Se você quer o sétimo céu, vai ter que subir degrau por degrau

 

Já dizia Leo Jaime. Hoje parada num sinal de trânsito ao ouvir o refrão desta música no rádio lembrei do que me disse um cartomante há vinte anos atrás, quando perguntei se daria certo escrever, atuar, trabalhar com arte.  Muito charlatanamente ele me respondeu que só dependia de mim, que eu tinha todas as ferramentas para isso mas o quanto de esforço eu dedicasse é que determinaria o meu sucesso. Logo depois de ele dizer também que havia  “um trabalho” direcionado para minha vida pessoal, e que por vinte reais ele poderia neutralizar tal mau agouro, eu saí pensando em quanto está exclusivamente na nossa conta o sucesso de qualquer empreendimento.

Existe uma combinação de sorte, pré-disposição e oportunidade para as coisas acontecerem.  No meu caso, olhando minha linha do tempo constatei que nunca consegui reunir de forma consistente e simultanea estes trê elementos com a finalidade de escrever. Peguei a sorte para formar uma família, aproveitei a oportunidade para voltar a trabalhar quando os filhos já estavam menos dependentes. A pré-disposição vem em doses periódicas não regulares, como vocês podem ver pela esporadicidade das postagens deste blog. Arquei com as consequências profissionais destas escolhas – algum atraso em evolução profissional se comparado aos meus pares de início de carreira - mas os ganhos pessoais compensaram.

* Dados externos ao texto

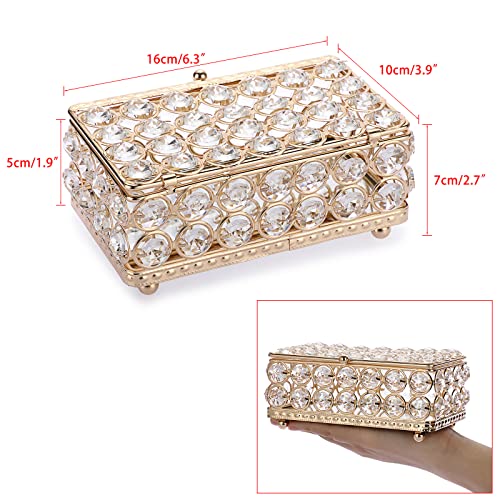Elldoo Crystal Jewelry Box Rectangle Trinket Organizer Earrings Rings Box Treasure Box Home Decor Accent Decorative Box With Lid For Valentine Wedding Christmas Birthday Gift, Gold, Small #TOP1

Por um excesso de pragmatismo rapidamente coloquei o hábito de escrever na prateleira do hobby, que fazemos quando dá, sem obrigação – o que é até coerente, já que para escrever precisa inspiração, que não vem na marra. Mas “a inspiração precisa te encontrar trabalhando” (sábio Picasso). A sorte precisa te encontrar trabalhando. O talento precisa te encontrar trabalhando, seja ele para o que for.  E por trabalho entenda-se uma sucessão de esforços contínuos em todos os aspectos da vida.

É extenuante, é cansativo, é desafiador. Ser feliz continua dando trabalho (reparem que tem um post de 2014 com este título). Dá um trabalho danado e requer manutenção. Se for preventiva ainda melhor (a reativa costuma ser bem mais dolorosa). Requer cuidado. Requer agilidade, somos uma máquina que muda rapidamente. Requer mais do que tudo perceber estas mudanças inerentes ao comportamento humano. Mudamos nossos lugares preferidos, nossas pessoas favoritas, nossos quereres... E de tudo que dá trabalho talvez o mais difícil deles seja identificar as mudanças, saber quando aceitar, quando negociar e quando se adaptar a cada uma delas. Se o Leo acertou no refrão, talvez tenha errado no título da música. Tudo muda, o tempo todo.